Ach ja, und dann war da noch die Sache mit dem Vertrauen, dass ER mich gut festhält, und auch in mich selbst... irgendwann ist aber dann der Knoten geplatzt und es war rückblickend einfach eine traumhaft schöne Zeit, die ich sicher nicht vergessen werde. Ich habe dadurch dem Tanzen wieder mein Herz geöffnet und mir eingestanden, was für ein wichtiger Teil es in meinem Leben einnimmt. Ich habe nach dem Sieg Katharina Witt kennengelernt, die mir ein großes Kompliment machte, darauf bin ich irre stolz. 

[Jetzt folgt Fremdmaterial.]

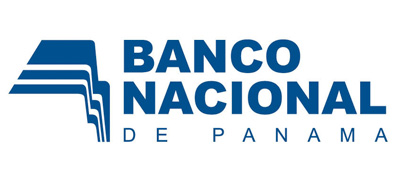 Banco Nacional de Panamá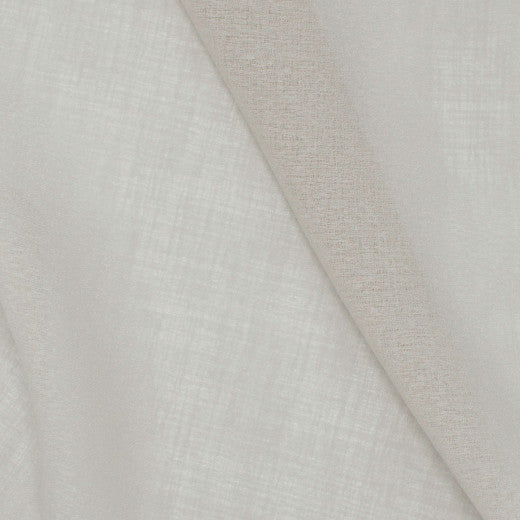 Balesin - Stone by Europatex Fabric Escape 100% Polyester China See Sample Horizontal: N/A and Vertical: N/A 118.00 inches  - Fabric Carolina -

Cale Kalay, Ruth Moschner, DJ Bobo

Cale Kalay, Ruth Moschner, DJ Bobo

GALA: Sie haben in der Vergangenheit viel Ballett getanzt, mussten es aber aufgrund einer Verletzung aufgeben. Was für Tipps können Sie den Promipaaren mit auf den Weg geben?
Ruth Moschner: Tanzen ist etwas sehr emotionales und es wird immer Augenblicke geben, in denen man den Partner erwürgen könnte, weil einem alles weh tut, in denen der Körper nicht so will, wie man selbst, in denen man seine Grenzen kennenlernt und und und. Geduld und Disziplin ist das A und O. Es ist extrem wichtig zu realisieren, dass nicht alles von heute auf morgen geht. Ich denke, das ist die wichtigste Lektion, die ich damals gelernt habe. Mit Ungeduld riskiert man eher eine böse Verletzung, als einen Fortschritt. Und am Ende des Tages ist das wichtigste Körperteil dann doch das Gesicht und die Ausstrahlung, die man auf der Bühne hat. Damit kann man viel kompensieren. 

GALA: Wenn Sie demnächst die Tänze der Kandidaten bewerten, hätten Sie da selbst Lust, sich mal wieder aufs Tanzparkett zu wagen?
Ruth Moschner: In jeder einzelnen Sekunde! 

GALA: Haben Sie schon einen Geheimfavoriten auf den Sieg? Welches Promi-Team könnte sich ihrer Meinung nach gut schlagen?
Ruth Moschner: Das Niveau in der aktuellen Staffel ist unglaublich hoch, deshalb kann tatsächlich alles passieren. Aber am Ende wird das Tanzpaar gewinnen, welches die beste Kombination aus Sportlichkeit, Dramaturgie und Herz aufs Parkett bringt.